• [Material for this task]:
§
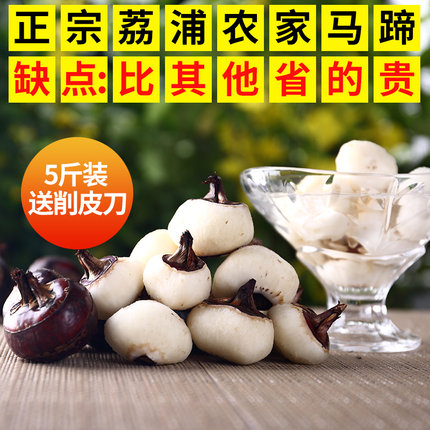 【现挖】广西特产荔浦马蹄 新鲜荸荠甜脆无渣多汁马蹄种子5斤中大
§
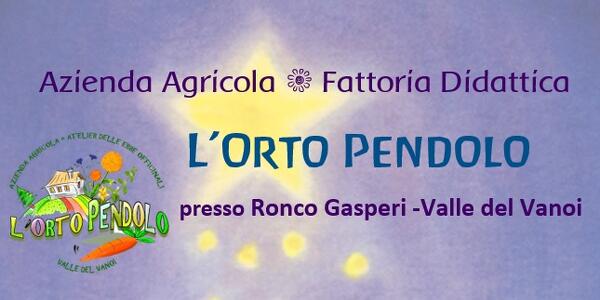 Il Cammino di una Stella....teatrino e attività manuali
§
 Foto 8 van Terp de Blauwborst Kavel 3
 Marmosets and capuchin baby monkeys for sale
§
• [Your assignment]:
Go back to the listing above. Copy word for word the lines from the one with "Foto 8 van Terp de Blauwborst Kavel 3" through the one with "Marmosets and capuchin baby monkeys for sale", and nothing more.

• [Result]:
 Foto 8 van Terp de Blauwborst Kavel 3
 Marmosets and capuchin baby monkeys for sale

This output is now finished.